Monday, August 2, 2010

Why it's not crashing? (conclusion)

Well, today I received the final message from MS where they told me once again that there is nothing can be done on their side and advised me to catch exception in user code and call MiniDumpWriteDump after that. I think the story can be considered finished.

Se la vie, mes amis. Se la vie.

Sunday, August 1, 2010

In search of the Dr. Watson

A week ago I returned from the business trip to Italy. It was a trip to the yacht where was the real problems with the navigation system stability. One or two times a day all navigation data from sensors freeze and the navigation equipment was inoperative until full bridge (5 stations) rebooting.

Just before the trip I received some information concerning the problem from our service engineer.
There were several observations:

1.    All navigation data freeze simultaneously but the navigation system (radar, cartographic system and over subsystems) continued to work without any other noticeable problems.

2.    Sometimes the message box with “Pure virtual function call” notification was observed after data freezing.

3.    First time the problem was observed just after the last update of the product.

4.    In the end I even received HD images from all stations of the bridge (they was created after the last update and after the problem appeared for the first time).


Description of the problem was clearly pointed to the fact that the cause of the problem is crashing (or freezing) of the navigation server processes at all stations simultaneously (each computer has its own navigation server executed and described problem is only possible if there is no servers alive).

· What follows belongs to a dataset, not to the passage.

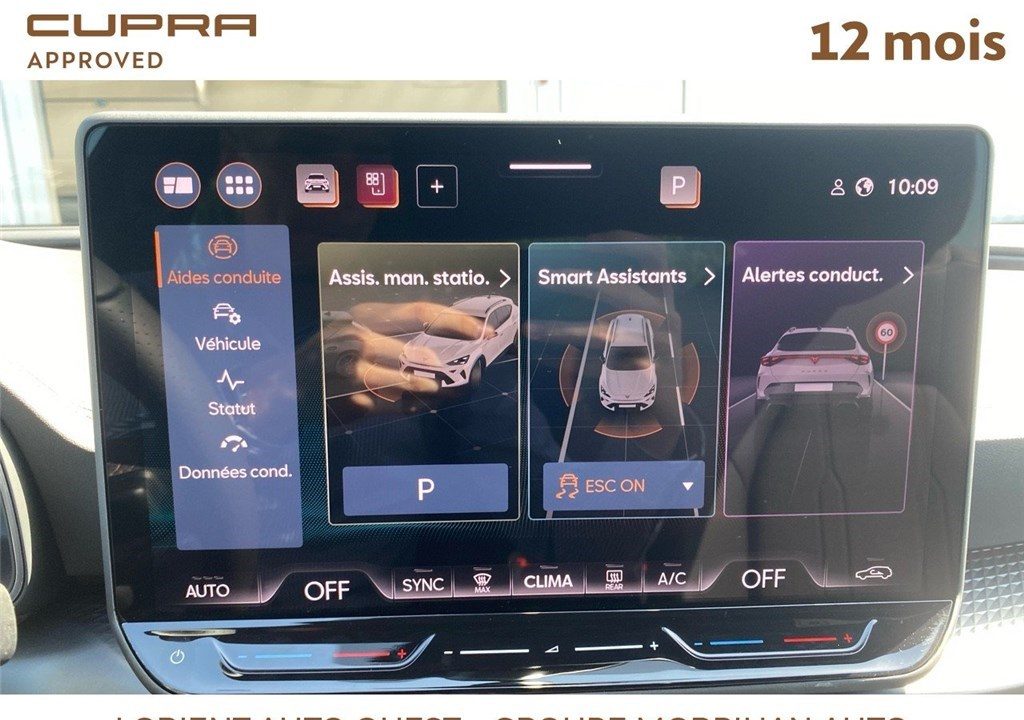 CUPRA FORMENTOR 2.0 TDI 150 CH DSG7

The only thing that confused me was mentioned earlier “Pure virtual function call” error. This error is not very common and occurs rare enough in its pure form. Most common cause of the error is improper sequence of objects chain deinitialization and destruction as well as undigested strategy of objects ownership (of course I’m not take into account errors with calling pure virtual method of child class inside a parent class destructor or deleting an object twice – I believe that our code better :). One of the classic situations caused by assertion message box triggered during object destruction (usually in debug mode). Message box message loop can provoke a call (through a pure virtual interface) to a partially destroyed object. As a result we will have clear pure virtual function call.